Dress code anche per gli avatar
9 ottobre 2009, 09:50
Filed under: moda, web | Tag: , ,

Via i capelloni viola. Via i braccialetti punk. Via le tutine da sexy-cyborg. Niente più ali da Batman o codona da gatto Silvestro. Anche su Second Life le riunioni di lavoro saranno sobrie e non si potrà più incontrare l’amministratore delegato vestiti da drag queen.
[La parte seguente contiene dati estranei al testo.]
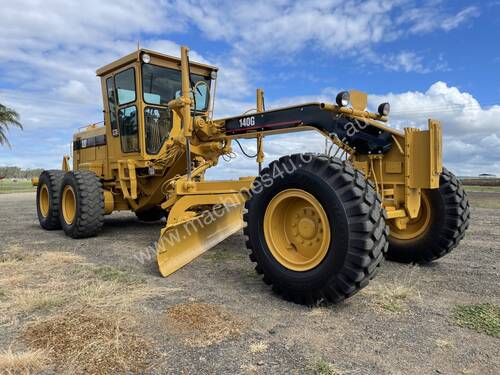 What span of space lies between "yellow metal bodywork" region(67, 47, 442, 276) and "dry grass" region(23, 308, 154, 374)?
152 centimetres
Entro il 2013 infatti il 70 per cento delle imprese emetteranno regole di comportamento e di abbigliamento per tutti gli impiegati che, rappresentando l’azienda, usino degli avatar in ambienti virtuali. A prevederlo è un rapporto di Gartner – società di analisi sull’industria dell’IT – secondo il quale gli alter-ego digitali si stanno sempre più diffondendo negli ambienti lavorativi, ripercuotendosi su comportamenti, regole ed etichette. Di qui la necessità, per le imprese, di gestire con oculatezza la propria presenza nei mondi virtuali, contraddistinti da una buona dose di libertà e di fantasia in tema di costumi e di comportamenti. Gli impiegati dovranno dunque tenere a freno la propria creatività estetica quando si muoveranno nella Second Life di turno. Anche perché, fino ad oggi, la moda imperante nei mondi digitali è sempre stata un bailamme carnevalesco di capigliature punk, vestiti provocanti e stravaganze di ogni genere: un look aiutato anche dal fatto che gran parte degli avatar sfoggiano fisici alla Baywatch. Tuttavia, con la crescita delle riunioni di lavoro online si pongono nuovi problemi di dress code. «Mentre cresce l’uso di ambienti virtuali a fini di business – ha dichiarato James Lundy, vice president di Gartner – le imprese devono capire che i loro dipendenti usano gli avatar in modo tale da influire sulla reputazione aziendale. Per questo consigliamo di stabilire dei codici di comportamento validi per tutte le situazioni, reali o in 3D che siano». Il che non significa però – precisa l’analista – tarpare del tutto le ali alla creatività dei lavoratori, perché ci deve essere comunque un’affinità personale tra un dipendente e il proprio alter-ego online. Sì dunque alla personalizzazione, ma senza esagerare. Di fronte al capo, in carne e ossa o digitale che sia, meglio mettere da parte il look da replicante alla Blade Runner.